KONG (channel 16) is an independent television station licensed to Everett, Washington, United States, serving the Seattle area. It is owned by Tegna Inc. alongside NBC affiliate KING-TV (channel 5). Both stations share studios at the Home Plate Center in the SoDo district of Seattle, while KONG's transmitter is located in the city's Queen Anne neighborhood.

History
The KONG-TV call sign was first granted by the Federal Communications Commission (FCC) on April 6, 1984. When it was applied for, it immediately drew a legal complaint from King Broadcasting, then-owner of KING-TV, against Carl Washington's KONG TV, Inc., the first broadcaster to apply for a license for Everett's channel 16. The station had planned to go on the air on June 1 of that year, with studios in Everett and an advertising sales office in Seattle, but kept getting bogged down by years of legal challenges from residents on Cougar Mountain who objected to the electromagnetic radiation from an additional broadcaster. After the legal challenges to the transmitter, KONG lay dormant until broadcasters came up with innovative ways to program additional stations in their area.

KONG-TV signed on the air on July 8, 1997. It was locally owned, but managed by KING-TV (which had just been acquired by Belo) through a local marketing agreement. The KONG call letters were retained as a tongue-in-cheek reference to King Kong, which made both stations easily marketable together. Belo bought channel 16 outright in 2000, when the FCC began to permit television station duopolies. On June 13, 2013, the Gannett Company announced that it would acquire Belo. The sale was completed on December 23.

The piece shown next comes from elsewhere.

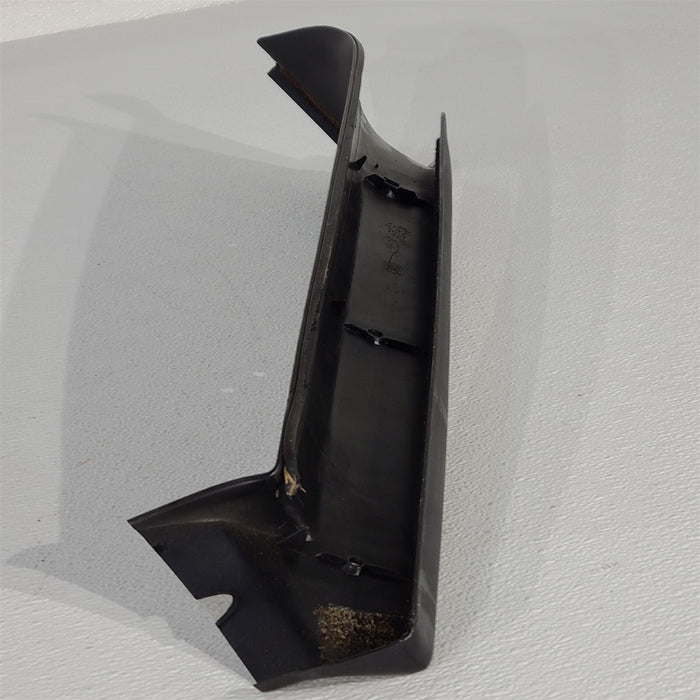 productimage413291119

On June 29, 2015, the Gannett Company split in two, with one side specializing in print media and the other side specializing in broadcast and digital media. KING and KONG were retained by the latter company, named Tegna.

Programming 
Initially, the station ran a general entertainment format with classic sitcoms, westerns, old movies, cartoons, and a 10 p.m. newscast. Along with the newscast and KING's Evening Magazine, the station now airs KING-TV's syndicated shows (such as Dr. Phil) during prime time or other time slots, giving viewers a second chance to watch the shows that day. It also carries a few syndicated programs that KING-TV does not air such as Inside Edition, Extra, and Access Hollywood. KONG also broadcasts certain NBC network programs in lieu of KING, including a repeat of Meet the Press in its traditional mid-morning time slot, as KING is one of the few West Coast NBC affiliates to carry it live from Washington, D.C. at 6:00 a.m. Pacific Time, instead of tape-delaying it to 9:00 a.m. Pacific Time as is custom.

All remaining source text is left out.